> _DATA EXTRACTS_
- - -
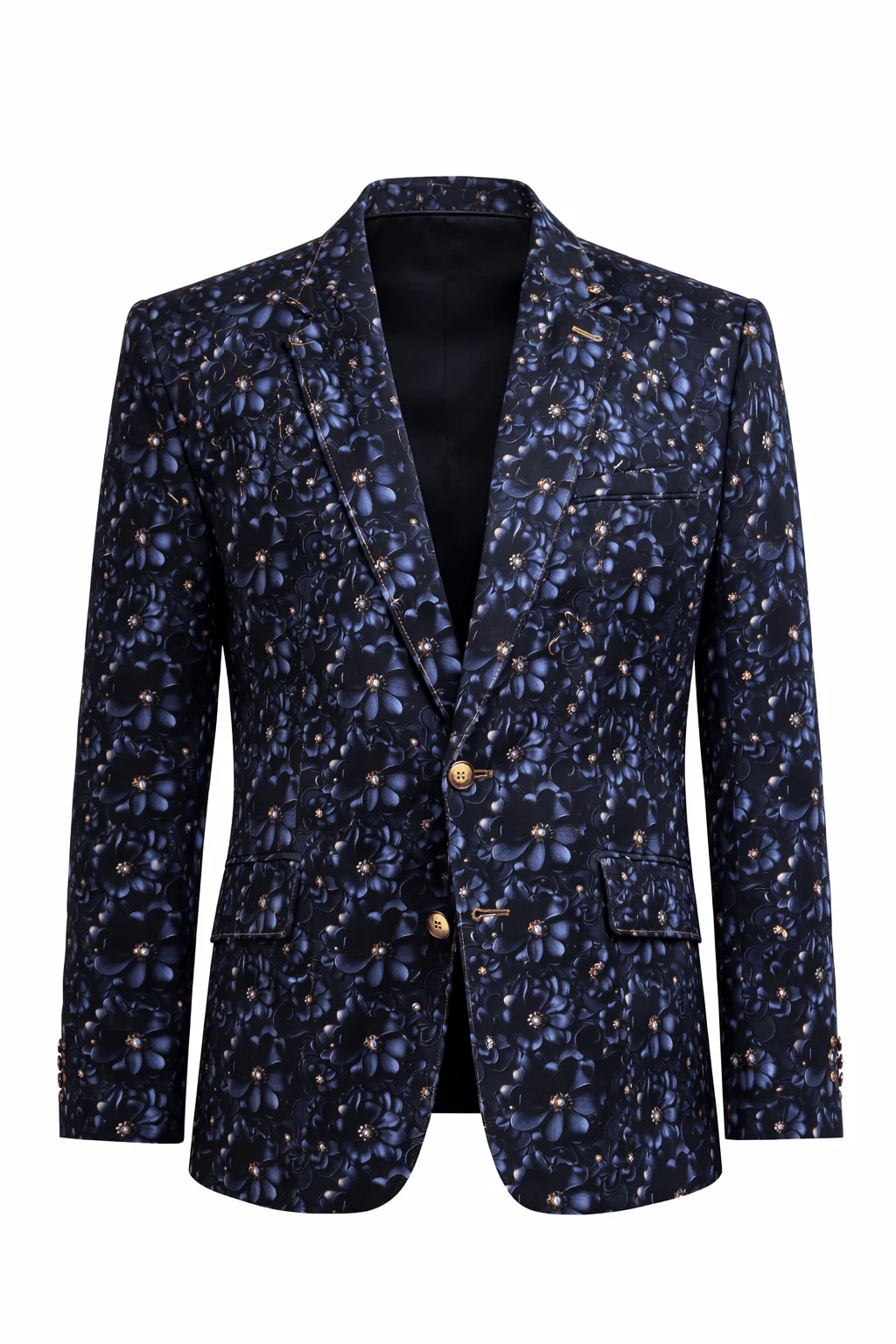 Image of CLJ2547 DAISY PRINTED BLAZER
- - -
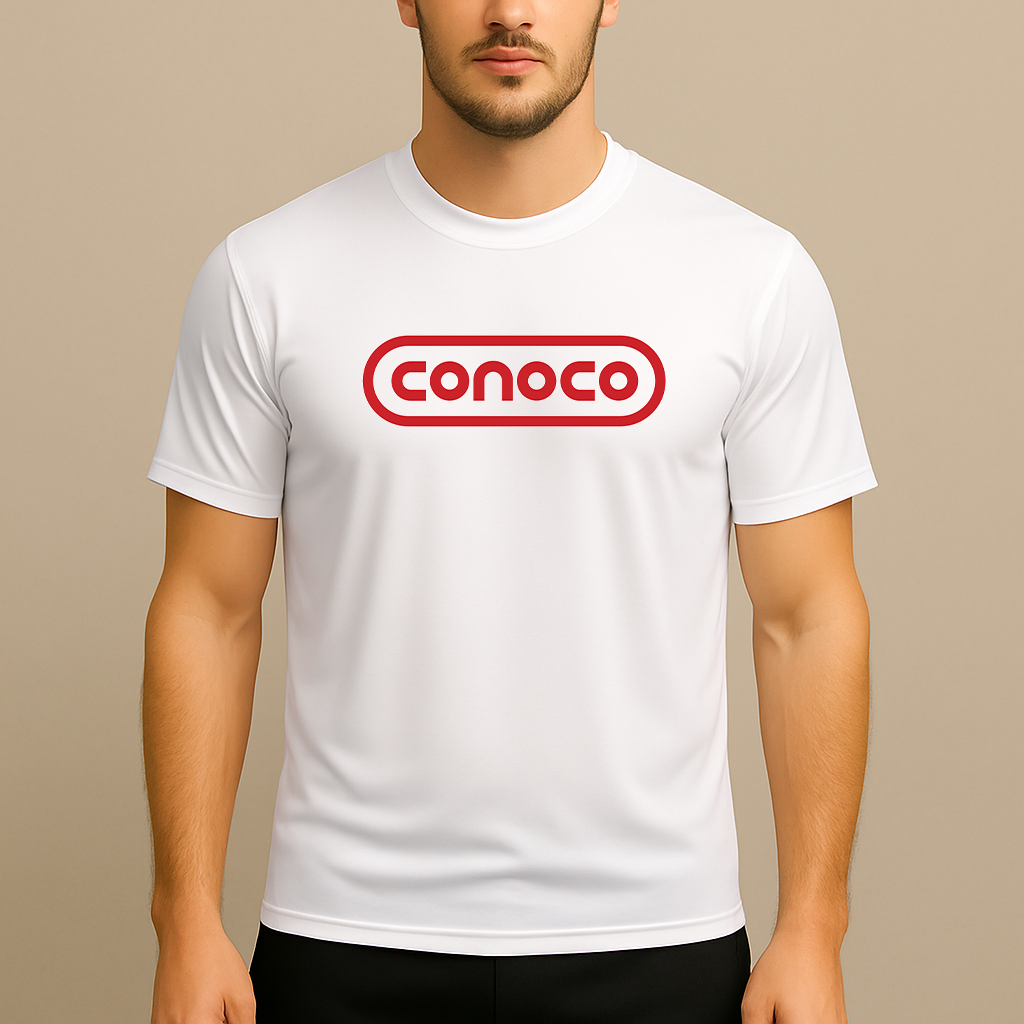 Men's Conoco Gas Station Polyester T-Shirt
- - -
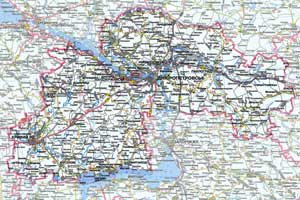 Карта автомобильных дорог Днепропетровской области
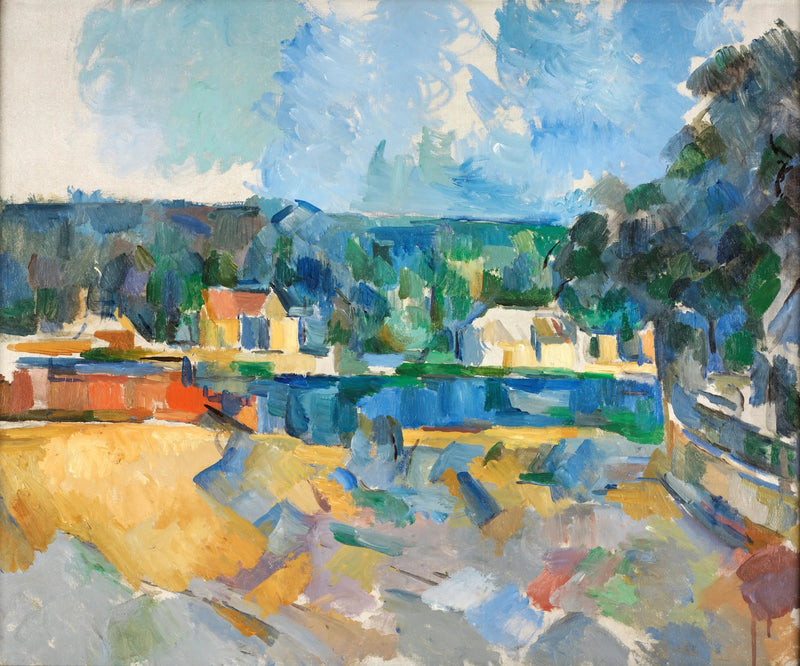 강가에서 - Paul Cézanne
- - -
> _INSTRUCTIONS TO FOLLOW_
Going by the data above, give back only the lines from the one containing "Карта автомобильных дорог" through the one containing "강가에서 - Paul Cézanne", exactly as they stand, both ends included and no images.

> _WRITTEN SOLUTION_
 Карта автомобильных дорог Днепропетровской области
 강가에서 - Paul Cézanne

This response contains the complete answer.